Ramblings of an aging IT geek
← Ramblings of an aging IT geek
linux

how much swap does a homelab actually need

After years of guessing, I settled on a swap policy for my homelab boxes based on what actually happens when memory runs out.

A Linux terminal showing memory statistics

The swap debate is one of those arguments that never quite dies. Some people run zero swap on principle. Some still cargo-cult the old "twice your RAM" rule from a machine that had 256MB. I've held all of these positions at various points and been wrong every time, so I finally sat down and decided on something for my homelab that I could actually justify.

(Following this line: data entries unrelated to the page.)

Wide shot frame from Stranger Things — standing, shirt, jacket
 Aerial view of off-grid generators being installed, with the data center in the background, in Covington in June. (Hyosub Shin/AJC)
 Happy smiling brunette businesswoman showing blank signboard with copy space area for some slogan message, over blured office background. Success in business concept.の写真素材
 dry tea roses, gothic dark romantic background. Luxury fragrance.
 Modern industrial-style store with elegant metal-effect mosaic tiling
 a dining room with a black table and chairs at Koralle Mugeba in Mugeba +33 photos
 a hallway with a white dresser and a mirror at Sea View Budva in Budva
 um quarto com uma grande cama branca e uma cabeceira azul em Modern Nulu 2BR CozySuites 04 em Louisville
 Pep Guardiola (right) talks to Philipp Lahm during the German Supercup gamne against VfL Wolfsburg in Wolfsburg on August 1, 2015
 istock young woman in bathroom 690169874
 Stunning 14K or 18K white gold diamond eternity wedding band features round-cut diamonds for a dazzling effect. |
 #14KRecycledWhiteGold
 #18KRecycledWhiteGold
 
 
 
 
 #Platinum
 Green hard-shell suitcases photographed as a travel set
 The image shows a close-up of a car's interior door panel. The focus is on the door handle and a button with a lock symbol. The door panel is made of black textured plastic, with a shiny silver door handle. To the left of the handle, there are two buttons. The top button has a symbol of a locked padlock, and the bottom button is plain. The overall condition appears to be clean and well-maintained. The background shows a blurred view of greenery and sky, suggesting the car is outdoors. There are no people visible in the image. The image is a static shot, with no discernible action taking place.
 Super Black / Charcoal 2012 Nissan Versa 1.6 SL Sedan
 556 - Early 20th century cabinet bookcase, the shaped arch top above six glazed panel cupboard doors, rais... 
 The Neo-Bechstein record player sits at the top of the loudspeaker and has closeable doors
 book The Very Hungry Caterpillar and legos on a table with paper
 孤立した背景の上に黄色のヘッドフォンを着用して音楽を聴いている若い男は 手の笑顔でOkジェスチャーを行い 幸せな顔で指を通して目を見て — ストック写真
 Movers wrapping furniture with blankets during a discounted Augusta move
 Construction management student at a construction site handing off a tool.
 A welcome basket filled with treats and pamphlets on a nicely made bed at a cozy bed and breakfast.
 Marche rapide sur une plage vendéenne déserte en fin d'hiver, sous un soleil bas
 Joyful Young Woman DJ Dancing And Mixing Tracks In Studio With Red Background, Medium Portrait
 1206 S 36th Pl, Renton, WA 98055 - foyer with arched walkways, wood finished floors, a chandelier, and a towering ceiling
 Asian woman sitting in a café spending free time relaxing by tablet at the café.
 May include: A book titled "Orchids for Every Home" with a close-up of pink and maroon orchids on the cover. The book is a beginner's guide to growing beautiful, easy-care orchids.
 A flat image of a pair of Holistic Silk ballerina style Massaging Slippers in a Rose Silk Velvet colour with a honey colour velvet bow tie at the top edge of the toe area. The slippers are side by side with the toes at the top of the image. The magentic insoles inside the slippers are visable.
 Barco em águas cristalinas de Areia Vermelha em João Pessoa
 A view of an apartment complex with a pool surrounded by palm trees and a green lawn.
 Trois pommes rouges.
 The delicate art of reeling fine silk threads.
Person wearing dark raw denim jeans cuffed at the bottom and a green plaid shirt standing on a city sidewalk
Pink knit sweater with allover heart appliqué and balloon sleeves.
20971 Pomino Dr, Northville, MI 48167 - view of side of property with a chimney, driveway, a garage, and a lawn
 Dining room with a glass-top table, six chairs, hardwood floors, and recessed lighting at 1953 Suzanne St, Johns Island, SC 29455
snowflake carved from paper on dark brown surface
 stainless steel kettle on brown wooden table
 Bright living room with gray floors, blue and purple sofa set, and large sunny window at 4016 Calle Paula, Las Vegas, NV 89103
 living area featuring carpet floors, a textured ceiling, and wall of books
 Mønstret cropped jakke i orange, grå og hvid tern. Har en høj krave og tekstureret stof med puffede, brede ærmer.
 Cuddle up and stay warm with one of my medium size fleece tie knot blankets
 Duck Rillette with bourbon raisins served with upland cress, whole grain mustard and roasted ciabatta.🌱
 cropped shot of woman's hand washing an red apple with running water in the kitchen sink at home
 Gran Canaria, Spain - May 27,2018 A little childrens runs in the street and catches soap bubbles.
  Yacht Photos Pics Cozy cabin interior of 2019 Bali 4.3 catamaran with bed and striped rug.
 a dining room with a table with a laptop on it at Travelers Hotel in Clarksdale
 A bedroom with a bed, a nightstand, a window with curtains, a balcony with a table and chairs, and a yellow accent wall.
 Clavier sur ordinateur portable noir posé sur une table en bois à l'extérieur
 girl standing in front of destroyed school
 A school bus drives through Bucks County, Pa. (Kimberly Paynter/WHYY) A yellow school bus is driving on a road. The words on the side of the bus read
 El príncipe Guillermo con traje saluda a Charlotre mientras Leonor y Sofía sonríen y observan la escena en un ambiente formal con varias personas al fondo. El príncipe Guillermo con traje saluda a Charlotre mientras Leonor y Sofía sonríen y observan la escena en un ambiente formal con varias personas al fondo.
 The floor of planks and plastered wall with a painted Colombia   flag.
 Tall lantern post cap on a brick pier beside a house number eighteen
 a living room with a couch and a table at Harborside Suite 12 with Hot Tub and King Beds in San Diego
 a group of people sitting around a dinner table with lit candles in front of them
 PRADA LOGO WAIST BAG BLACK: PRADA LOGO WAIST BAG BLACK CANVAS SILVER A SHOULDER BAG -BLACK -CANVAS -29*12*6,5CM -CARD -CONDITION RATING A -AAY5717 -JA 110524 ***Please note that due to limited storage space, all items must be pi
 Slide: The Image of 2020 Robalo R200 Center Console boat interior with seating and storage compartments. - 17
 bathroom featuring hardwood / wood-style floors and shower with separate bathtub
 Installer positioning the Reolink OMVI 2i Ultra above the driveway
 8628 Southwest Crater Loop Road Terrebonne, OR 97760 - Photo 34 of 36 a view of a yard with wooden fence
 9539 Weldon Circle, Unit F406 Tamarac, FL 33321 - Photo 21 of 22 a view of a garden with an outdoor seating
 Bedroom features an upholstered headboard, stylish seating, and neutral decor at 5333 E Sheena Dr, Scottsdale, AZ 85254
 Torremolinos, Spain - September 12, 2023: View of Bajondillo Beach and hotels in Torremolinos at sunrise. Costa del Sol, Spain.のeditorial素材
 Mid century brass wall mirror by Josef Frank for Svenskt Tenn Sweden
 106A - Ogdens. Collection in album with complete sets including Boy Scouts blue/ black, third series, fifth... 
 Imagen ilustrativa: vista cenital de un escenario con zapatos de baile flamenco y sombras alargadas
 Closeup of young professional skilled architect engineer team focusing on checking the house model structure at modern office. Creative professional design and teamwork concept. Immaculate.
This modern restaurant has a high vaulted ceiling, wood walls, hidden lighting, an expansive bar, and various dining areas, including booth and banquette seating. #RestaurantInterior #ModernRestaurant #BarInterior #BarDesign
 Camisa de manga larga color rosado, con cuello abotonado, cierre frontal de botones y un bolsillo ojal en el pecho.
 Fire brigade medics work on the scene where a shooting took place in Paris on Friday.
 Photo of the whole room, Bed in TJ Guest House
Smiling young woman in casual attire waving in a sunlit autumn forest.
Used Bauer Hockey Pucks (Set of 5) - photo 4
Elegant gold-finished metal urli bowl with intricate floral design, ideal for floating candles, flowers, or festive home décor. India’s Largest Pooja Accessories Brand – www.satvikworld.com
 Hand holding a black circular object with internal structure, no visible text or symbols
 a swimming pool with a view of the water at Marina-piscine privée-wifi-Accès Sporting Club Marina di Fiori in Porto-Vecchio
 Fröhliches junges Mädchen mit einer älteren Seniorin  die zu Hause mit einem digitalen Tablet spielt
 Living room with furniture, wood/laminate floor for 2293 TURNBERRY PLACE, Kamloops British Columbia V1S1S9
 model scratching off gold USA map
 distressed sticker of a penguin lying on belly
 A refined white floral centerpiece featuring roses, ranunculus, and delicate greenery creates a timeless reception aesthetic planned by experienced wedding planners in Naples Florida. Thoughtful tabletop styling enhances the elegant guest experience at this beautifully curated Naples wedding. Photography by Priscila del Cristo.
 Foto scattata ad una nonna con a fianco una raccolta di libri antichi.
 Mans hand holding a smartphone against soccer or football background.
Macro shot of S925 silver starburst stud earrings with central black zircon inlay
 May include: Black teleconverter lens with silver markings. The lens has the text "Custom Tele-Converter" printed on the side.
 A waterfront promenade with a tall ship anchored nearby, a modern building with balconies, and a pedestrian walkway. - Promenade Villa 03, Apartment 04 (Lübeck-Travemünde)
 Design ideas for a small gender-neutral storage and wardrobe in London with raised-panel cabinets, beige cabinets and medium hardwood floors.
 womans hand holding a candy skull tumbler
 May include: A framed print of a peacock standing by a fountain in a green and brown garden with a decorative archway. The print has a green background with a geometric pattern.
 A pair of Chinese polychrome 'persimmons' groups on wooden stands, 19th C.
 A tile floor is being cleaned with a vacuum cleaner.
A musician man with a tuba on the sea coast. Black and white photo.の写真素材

The thing that changed my mind was watching what happens without swap. A node with no swap doesn't run faster under pressure. It just hits the OOM killer sooner and with less grace. The kernel can't push cold anonymous pages out to make room for the page cache, so it thrashes the cache instead, which is the bit you actually wanted fast. On a box that's mostly idle ZFS plus a handful of containers, that's the wrong trade.

A rack of homelab servers

So here's where I landed. Every node gets a small amount of real swap, enough to let the kernel evict genuinely cold pages but not enough to paper over a real leak. On the machines with NVMe that's a 4GB swapfile; on the spinning-rust boxes I keep it to 2GB because you do not want to be servicing page faults from a 7200rpm disk. Then I tune the knobs to match:

vm.swappiness = 10
vm.vfs_cache_pressure = 50

swappiness = 10 doesn't mean "use 10% swap", it's a bias. Low values tell the kernel to prefer reclaiming page cache over swapping out anonymous memory, but it can still swap when it's genuinely the right call. Setting it to zero entirely is the trap: on modern kernels that's nearly "never swap until you're desperate", which puts you right back to the abrupt OOM behaviour I was trying to avoid.

The other half is earlyoom. Swap buys you grace, but grace under memory pressure can also mean a box that's alive enough to answer ping and dead enough to be useless. earlyoom watches available memory and kills the worst offender before the kernel's own OOM killer wades in with its less predictable scoring. On a homelab that's usually some runaway Java thing or a container I misconfigured, and I'd much rather lose that than have the whole node lock up while it swaps itself to death.

For anything I actually care about staying up, I also set per-service memory limits in the unit files. MemoryMax with a sensible MemoryHigh below it gives the cgroup a chance to reclaim before it gets killed outright. Swap at the system level plus limits at the service level means a misbehaving app degrades instead of taking its neighbours with it.

Is this optimal? Probably not. But it's defensible, it's consistent across every box, and I've stopped having the argument with myself. That last part is worth more than the few hundred megabytes.